With base metals taking a blow in prices in recent weeks, the Australian government may have to rethink policies and fiscal regulations that will keep the country's economy afloat and not be totally dependent on earnings coming from its mines and minerals sector.

Commodity prices have been weighed down by concerns about ongoing strength of demand in an environment of slowing global economic growth, with exchange-traded base metals, such as copper, seeing sharp volatility.

Though it took a while for prices of iron ore to react, ultimately they did give in to pressure. Reports out last week indicated spot iron ore has fallen by around 30 per cent in the past month.

Worries about China's economy slowing down, which in turn gave a dent to Chinese steel makers holding back from making purchases, coupled with an oversupply, contributed to iron-ore prices going down.
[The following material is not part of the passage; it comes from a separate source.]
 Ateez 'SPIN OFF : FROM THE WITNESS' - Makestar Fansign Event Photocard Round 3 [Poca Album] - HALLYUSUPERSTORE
Australia, along with Brazil, supply around 75 per cent of the seaborne global iron-ore market, while China imports around 60 per cent of total global seaborne iron ore.

Exports of iron ore, together with coal, have helped boost Australia's trade and economy as well. Together the two commodities comprise 40 per cent of Australia's total merchandise exports.

Specifically, iron-ore exports account for around 14 per cent of Australia's total exports and 2.5 per cent of its nominal gross domestic product.

A dropoff therefore in iron-ore and coal exports could prove hazardous to Australia's trade and economic health.

Analysts forecast first-quarter benchmark iron-ore prices to fall 10 per cent from the fourth quarter.

"A drop in prices of this magnitude would translate into a 3 per cent fall in Australia's terms of trade in the first quarter of 2012 and a 6.5 per cent drop for the year," according to analysts quoted by MarketWatch.

However, analysts said the sell-off for iron ore may also only be temporary, and prices may bounce back as underlying demand in China continue to remain robust. Buyers may come back in two to three months to capitalize on the weaker prices.

Still, they said the continued drop in iron-ore prices should push the Australian federal government to review its monetary policy.

"Further falls through 2013 and beyond are likely as supply begins to come on line," analysts said.